É possível que Renato Almeida tivesse a expectativa de que Jorge Dias alargasse seus contatos internacionais. Leal (2000) analisa a diferença de Dias em face de outros etnógrafos portugueses do mesmo período. Dias buscou estabelecer redes de contatos fora de Portugal, tanto no Brasil quanto na Europa e nos Estados Unidos.

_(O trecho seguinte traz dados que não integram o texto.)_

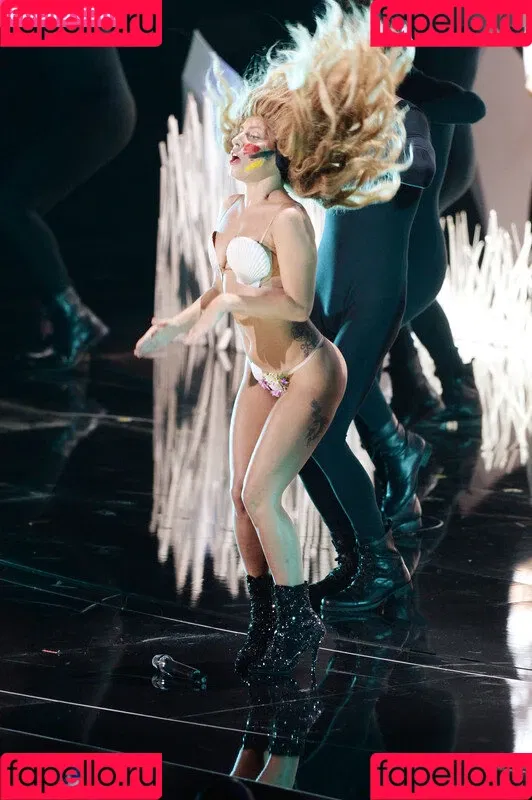 Lady Gaga / ladygaga Onlyfans Photo Gallery 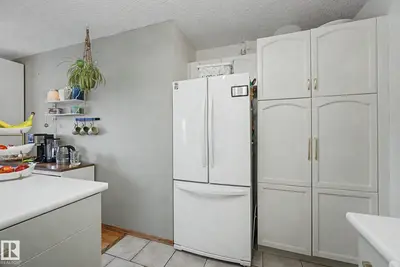 Interior photo 4 of #302 224 CHURCH RD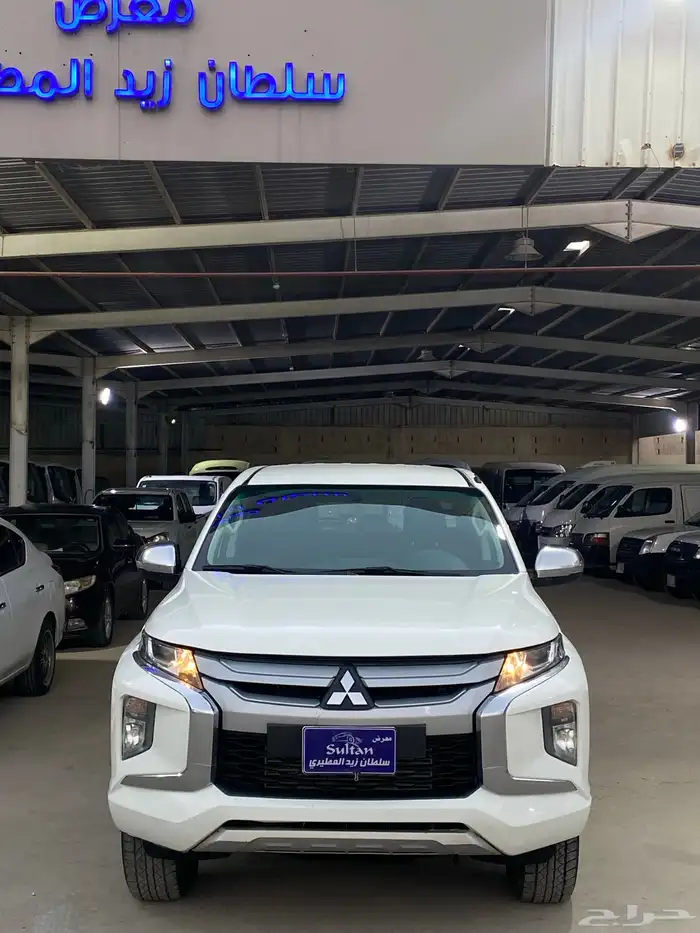 ميتسوبيشي دبل قير عادي ديزل 2023 1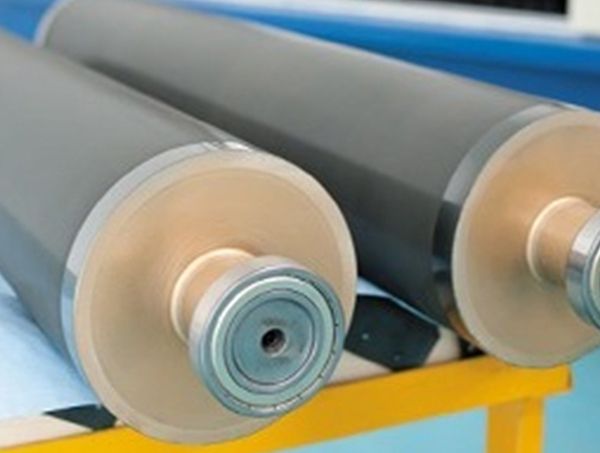 ما هي مزايا الأسطوانات المطلية بالسبائك الصلبة في التطبيقات الصناعية؟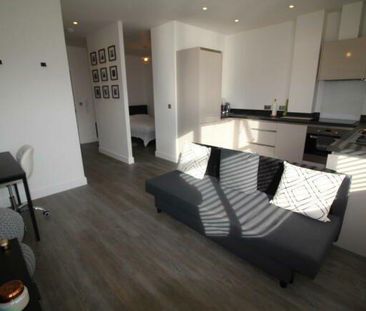 1 bedroom flat to rent - Photo 2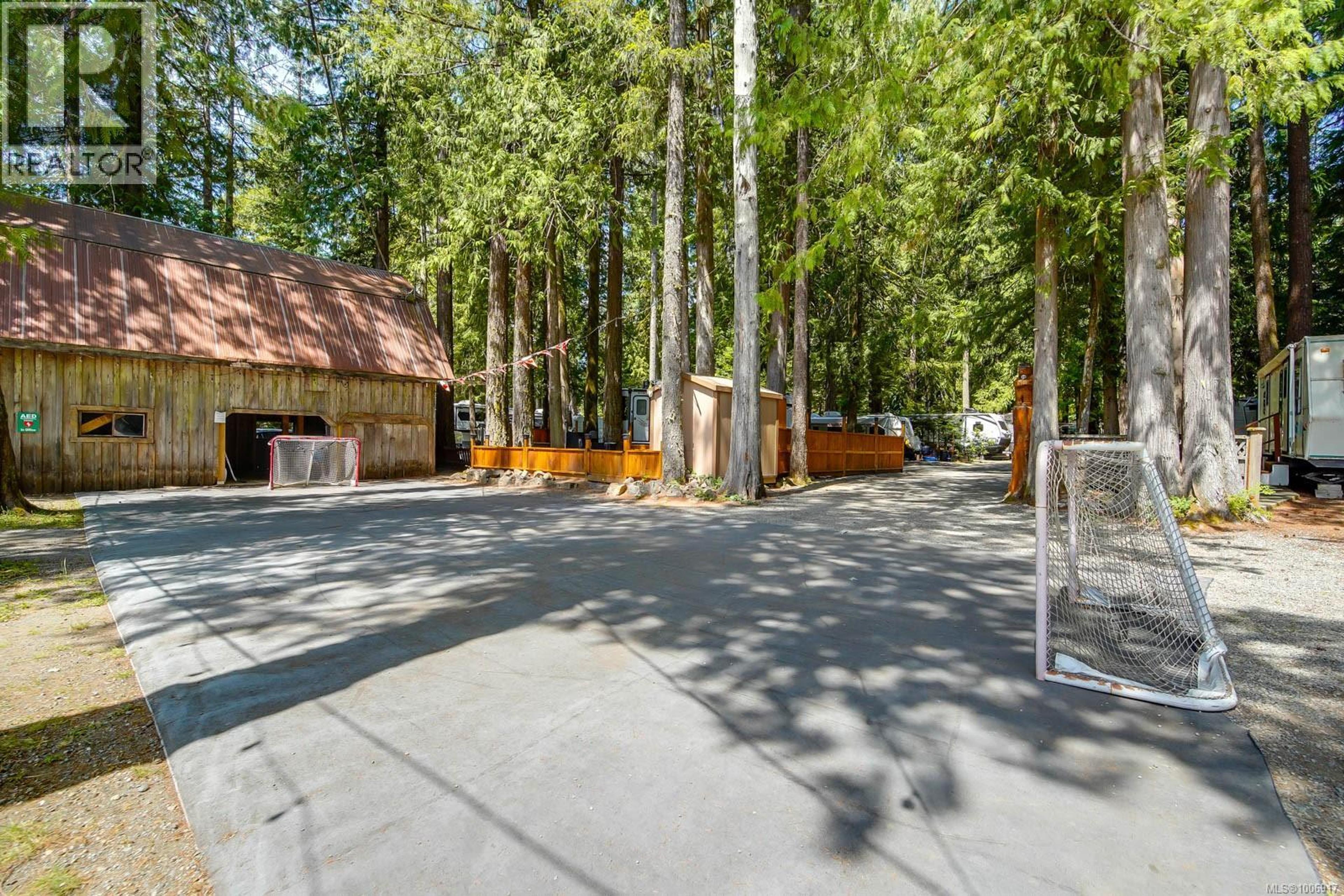 10324 Lakeshore Rd, Port Alberni - Exteriors - Full Complex View - Photo 2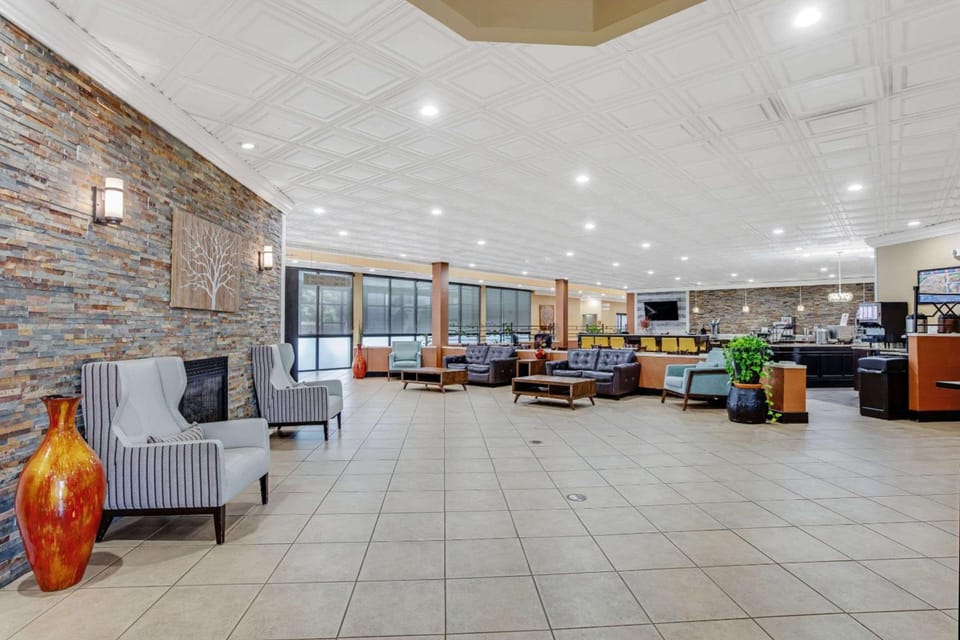 Clarion Inn Asheville Airport Hotel in Fletcher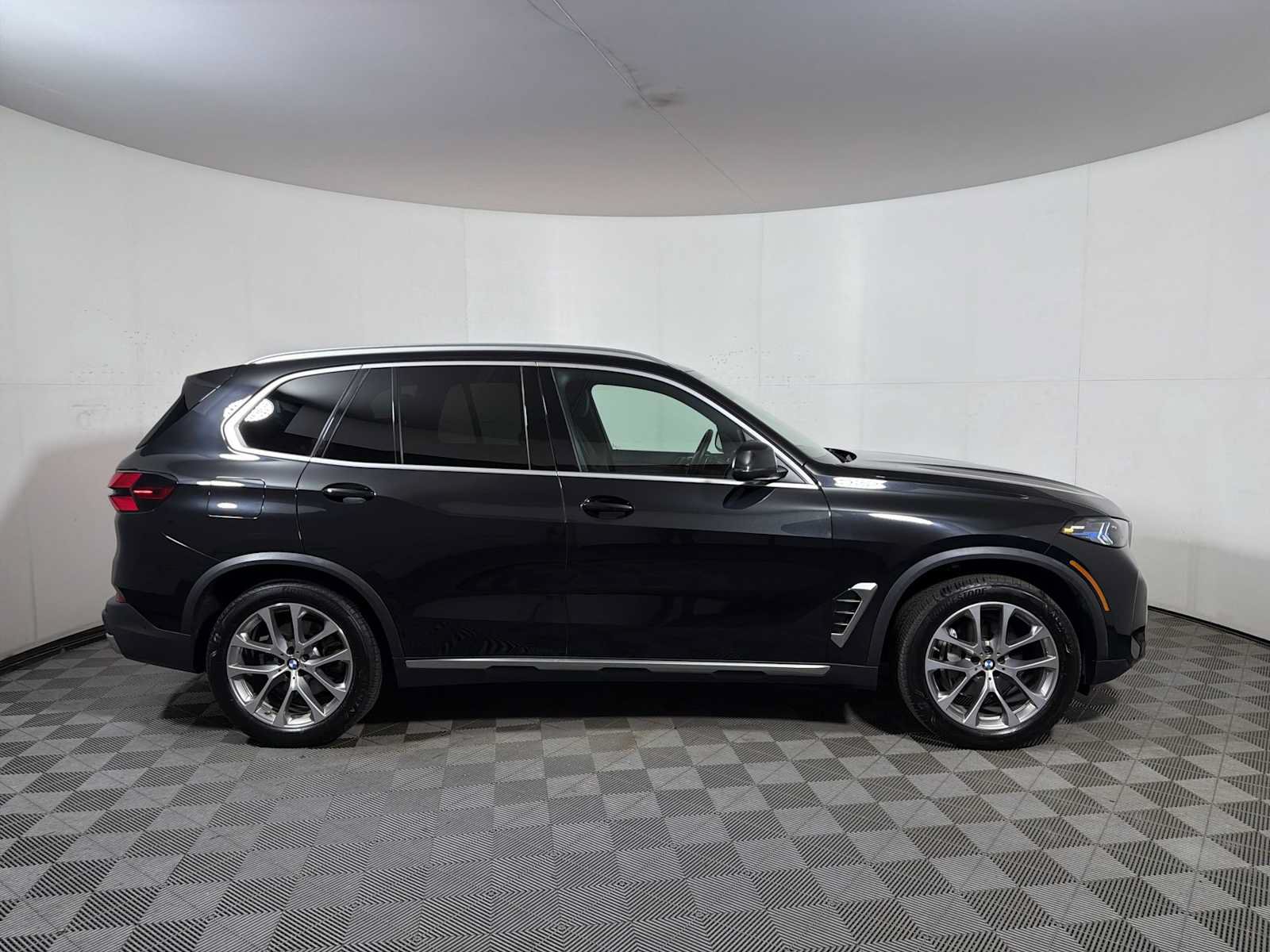 Used 2024 BMW X5 xDrive40i w/ Premium Package AWD/4WD image 7
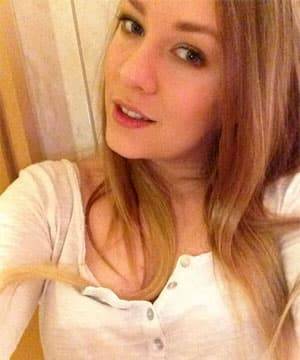 lesbian feet on face - Blue Angel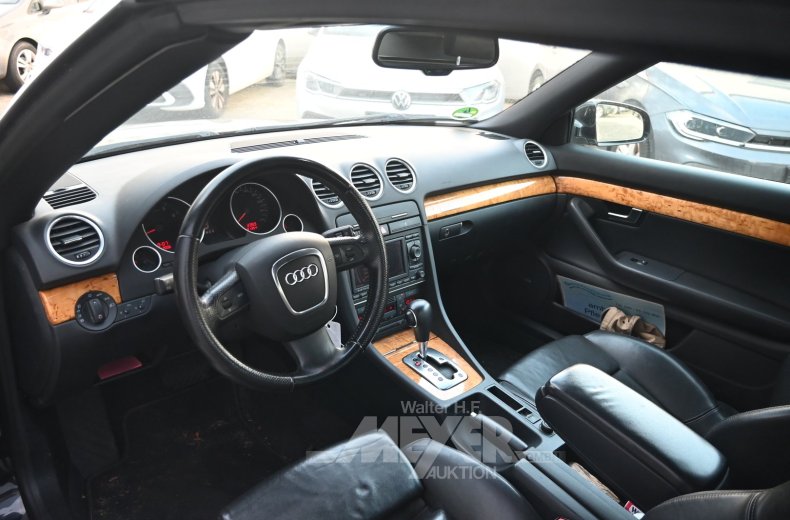 Audi A4 Cabriolet 3.2 FSI V6 Quattro, schwarz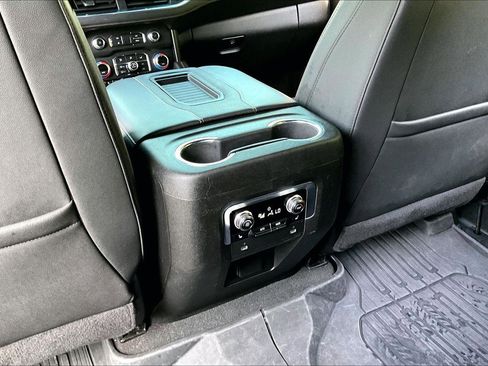 Used 2024 GMC Yukon AT4 w/ AT4 Premium Plus Package AWD/4WD image 33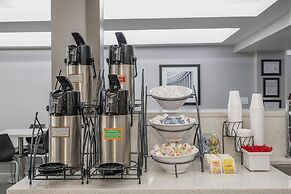 Red Roof Inn & Suites Calhoun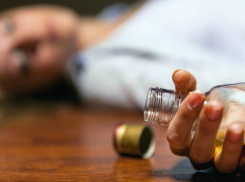 Семейная пара насмерть отравилась «паленым» алкоголем в Ростовской области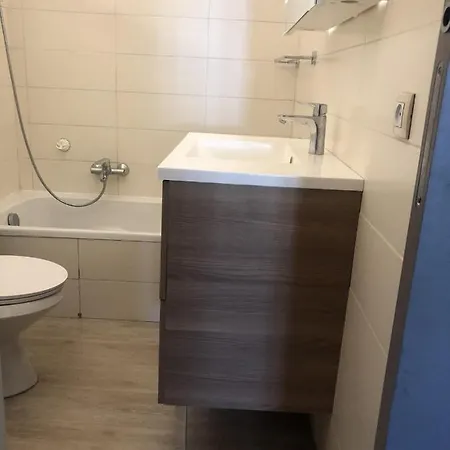 Carnot One Bedroom * Λε Κανέ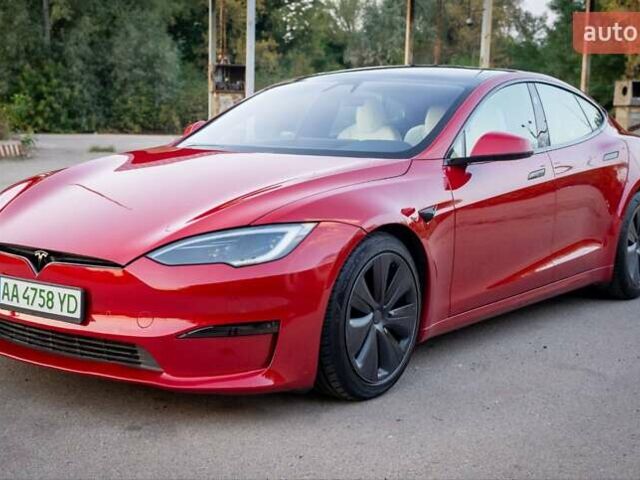 Красный Тесла Модель С, объемом двигателя 0 л и пробегом 85 тыс. км за 46500 $, фото 2 на Automoto.ua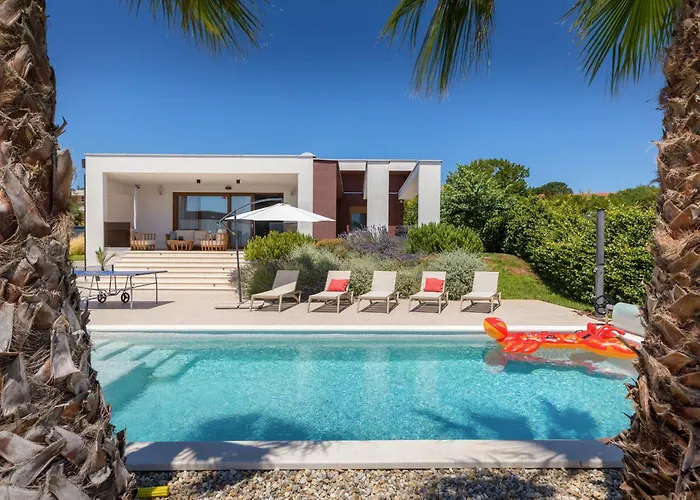 Grofica - Luxury And Romance With Heated Pool, Jacuzzi, Tavern And Proximity To The Sea, - Istria *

A leitura atenta destas cartas demonstra que Dias circulou no campo intelectual das ciências sociais brasileiras num momento em que este estava ainda em formação e os estudos de folclore ainda eram próximos daquele. Contudo, Dias parece ter percebido esse processo de distanciamento entre estes dois campos, e fez distinções entre os dois campos ao realizar trocas intelectuais principalmente com aqueles ligados às ciências sociais em sua forma mais acadêmica. Especialmente em relação a Florestan Fernandes, que buscava construir o campo acadêmico das ciências sociais no Brasil, Dias parece ter mostrado especial deferência querendo que seu trabalho fosse conhecido em Portugal.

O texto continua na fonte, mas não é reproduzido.